** Task prompt **
Copy out each line of the data holding "Gift".

(Short descriptive text snippets)
☆ ☆ ☆ ☆ ☆

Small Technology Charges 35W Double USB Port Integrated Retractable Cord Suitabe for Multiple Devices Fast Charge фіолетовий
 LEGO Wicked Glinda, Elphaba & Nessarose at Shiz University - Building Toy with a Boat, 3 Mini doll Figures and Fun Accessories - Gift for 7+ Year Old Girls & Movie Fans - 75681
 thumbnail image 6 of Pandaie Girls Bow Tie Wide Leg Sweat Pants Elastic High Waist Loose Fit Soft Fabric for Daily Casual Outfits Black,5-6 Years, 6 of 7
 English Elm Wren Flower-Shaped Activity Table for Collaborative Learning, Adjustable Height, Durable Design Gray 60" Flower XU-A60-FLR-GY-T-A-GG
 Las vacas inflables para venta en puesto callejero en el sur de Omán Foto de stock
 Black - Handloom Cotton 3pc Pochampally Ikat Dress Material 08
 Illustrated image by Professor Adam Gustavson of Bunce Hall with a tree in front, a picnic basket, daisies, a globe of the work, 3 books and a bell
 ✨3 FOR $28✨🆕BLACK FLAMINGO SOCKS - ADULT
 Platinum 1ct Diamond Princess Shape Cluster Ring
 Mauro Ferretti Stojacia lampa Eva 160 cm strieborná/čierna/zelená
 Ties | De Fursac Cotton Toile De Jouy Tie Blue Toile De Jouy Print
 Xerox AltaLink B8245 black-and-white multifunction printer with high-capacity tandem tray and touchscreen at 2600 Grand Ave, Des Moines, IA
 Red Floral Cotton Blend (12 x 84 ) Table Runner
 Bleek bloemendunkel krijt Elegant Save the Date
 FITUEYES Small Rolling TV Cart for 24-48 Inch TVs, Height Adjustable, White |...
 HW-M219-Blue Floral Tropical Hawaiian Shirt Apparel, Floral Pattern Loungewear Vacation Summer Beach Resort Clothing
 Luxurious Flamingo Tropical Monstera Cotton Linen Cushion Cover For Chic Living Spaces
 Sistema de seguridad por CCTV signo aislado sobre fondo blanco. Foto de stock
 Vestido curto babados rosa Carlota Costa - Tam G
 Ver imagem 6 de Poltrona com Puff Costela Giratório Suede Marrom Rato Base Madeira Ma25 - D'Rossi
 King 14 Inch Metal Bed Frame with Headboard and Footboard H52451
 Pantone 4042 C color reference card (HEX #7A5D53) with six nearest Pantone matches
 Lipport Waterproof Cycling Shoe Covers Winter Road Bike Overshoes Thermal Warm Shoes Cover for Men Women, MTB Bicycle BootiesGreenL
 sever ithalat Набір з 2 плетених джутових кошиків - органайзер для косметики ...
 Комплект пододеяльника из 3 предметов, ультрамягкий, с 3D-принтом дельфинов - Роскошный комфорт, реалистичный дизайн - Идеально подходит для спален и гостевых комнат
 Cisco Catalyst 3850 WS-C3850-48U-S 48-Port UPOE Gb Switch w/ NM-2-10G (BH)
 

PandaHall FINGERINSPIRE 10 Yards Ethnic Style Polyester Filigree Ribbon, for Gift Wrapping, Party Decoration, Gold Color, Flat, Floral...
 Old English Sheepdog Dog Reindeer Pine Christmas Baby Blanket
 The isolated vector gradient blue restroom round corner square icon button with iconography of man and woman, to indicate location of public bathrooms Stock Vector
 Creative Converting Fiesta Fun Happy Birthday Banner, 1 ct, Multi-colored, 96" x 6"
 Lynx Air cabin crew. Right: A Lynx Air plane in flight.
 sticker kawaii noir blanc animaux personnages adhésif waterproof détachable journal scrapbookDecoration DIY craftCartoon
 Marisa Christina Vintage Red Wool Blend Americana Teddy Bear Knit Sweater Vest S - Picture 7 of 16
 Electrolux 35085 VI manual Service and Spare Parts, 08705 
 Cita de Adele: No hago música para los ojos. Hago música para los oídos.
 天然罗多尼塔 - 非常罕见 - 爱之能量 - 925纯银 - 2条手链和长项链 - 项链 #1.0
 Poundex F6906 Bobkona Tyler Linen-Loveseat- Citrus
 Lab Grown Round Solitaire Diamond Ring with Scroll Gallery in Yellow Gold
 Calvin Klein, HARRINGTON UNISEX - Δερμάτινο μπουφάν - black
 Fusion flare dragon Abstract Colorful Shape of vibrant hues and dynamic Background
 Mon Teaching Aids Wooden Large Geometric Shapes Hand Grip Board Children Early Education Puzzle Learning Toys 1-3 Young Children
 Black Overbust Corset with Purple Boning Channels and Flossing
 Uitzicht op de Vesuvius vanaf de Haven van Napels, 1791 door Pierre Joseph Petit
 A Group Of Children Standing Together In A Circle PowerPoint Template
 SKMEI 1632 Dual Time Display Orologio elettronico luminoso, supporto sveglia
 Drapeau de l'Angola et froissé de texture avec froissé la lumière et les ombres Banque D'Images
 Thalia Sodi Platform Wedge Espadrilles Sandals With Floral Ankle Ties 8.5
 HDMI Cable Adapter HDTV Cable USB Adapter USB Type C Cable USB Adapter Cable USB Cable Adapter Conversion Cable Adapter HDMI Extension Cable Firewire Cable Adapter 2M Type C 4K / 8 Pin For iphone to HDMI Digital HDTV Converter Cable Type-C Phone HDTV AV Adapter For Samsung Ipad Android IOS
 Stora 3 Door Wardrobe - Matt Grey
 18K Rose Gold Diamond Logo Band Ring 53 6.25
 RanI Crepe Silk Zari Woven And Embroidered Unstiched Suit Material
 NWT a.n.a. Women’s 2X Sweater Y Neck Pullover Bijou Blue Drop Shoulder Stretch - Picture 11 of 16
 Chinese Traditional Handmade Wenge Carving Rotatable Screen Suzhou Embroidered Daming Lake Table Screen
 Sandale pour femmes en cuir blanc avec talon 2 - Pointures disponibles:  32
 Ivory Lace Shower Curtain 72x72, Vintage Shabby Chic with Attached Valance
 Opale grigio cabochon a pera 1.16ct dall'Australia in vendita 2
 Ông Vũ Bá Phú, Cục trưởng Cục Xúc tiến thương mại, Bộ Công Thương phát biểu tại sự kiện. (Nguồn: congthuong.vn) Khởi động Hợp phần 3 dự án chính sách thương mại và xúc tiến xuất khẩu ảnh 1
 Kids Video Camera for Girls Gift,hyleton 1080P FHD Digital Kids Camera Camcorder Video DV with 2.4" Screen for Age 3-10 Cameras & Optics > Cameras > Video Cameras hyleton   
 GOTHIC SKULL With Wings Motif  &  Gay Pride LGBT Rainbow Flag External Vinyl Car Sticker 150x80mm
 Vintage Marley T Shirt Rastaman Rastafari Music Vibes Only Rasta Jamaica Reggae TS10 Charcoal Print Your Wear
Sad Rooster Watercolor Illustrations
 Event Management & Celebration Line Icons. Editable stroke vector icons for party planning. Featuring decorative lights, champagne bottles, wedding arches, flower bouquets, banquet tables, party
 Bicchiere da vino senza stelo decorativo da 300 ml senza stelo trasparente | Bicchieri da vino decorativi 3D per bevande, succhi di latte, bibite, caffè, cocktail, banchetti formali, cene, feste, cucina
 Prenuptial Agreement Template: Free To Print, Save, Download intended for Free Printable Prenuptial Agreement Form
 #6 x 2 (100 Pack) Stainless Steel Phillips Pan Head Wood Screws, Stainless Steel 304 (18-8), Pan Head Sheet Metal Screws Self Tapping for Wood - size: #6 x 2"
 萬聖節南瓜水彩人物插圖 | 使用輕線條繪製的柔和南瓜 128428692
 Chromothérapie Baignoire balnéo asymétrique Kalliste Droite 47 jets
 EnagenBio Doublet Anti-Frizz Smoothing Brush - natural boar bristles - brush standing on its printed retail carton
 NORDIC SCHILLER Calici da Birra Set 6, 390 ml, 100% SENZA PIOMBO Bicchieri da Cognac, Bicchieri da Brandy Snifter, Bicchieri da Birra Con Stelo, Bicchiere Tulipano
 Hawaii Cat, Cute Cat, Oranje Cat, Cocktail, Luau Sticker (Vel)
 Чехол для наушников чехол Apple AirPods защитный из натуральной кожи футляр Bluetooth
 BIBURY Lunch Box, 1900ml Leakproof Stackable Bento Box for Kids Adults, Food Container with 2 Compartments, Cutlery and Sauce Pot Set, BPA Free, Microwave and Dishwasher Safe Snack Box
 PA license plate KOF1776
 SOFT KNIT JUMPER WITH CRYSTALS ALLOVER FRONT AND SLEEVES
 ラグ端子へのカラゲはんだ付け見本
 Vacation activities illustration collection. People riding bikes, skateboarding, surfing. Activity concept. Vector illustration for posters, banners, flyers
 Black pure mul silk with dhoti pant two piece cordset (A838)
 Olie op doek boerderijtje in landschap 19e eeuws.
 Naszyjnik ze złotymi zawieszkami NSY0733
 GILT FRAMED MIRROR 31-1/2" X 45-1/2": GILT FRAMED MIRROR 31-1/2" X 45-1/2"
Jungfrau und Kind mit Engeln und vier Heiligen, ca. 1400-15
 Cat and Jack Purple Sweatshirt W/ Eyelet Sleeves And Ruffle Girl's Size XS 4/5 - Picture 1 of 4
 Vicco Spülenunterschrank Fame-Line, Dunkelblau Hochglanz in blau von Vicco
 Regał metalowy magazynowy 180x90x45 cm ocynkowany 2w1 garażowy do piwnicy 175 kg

☆ ☆ ☆ ☆ ☆

** Task result **
 LEGO Wicked Glinda, Elphaba & Nessarose at Shiz University - Building Toy with a Boat, 3 Mini doll Figures and Fun Accessories - Gift for 7+ Year Old Girls & Movie Fans - 75681
PandaHall FINGERINSPIRE 10 Yards Ethnic Style Polyester Filigree Ribbon, for Gift Wrapping, Party Decoration, Gold Color, Flat, Floral...
 Kids Video Camera for Girls Gift,hyleton 1080P FHD Digital Kids Camera Camcorder Video DV with 2.4" Screen for Age 3-10 Cameras & Optics > Cameras > Video Cameras hyleton   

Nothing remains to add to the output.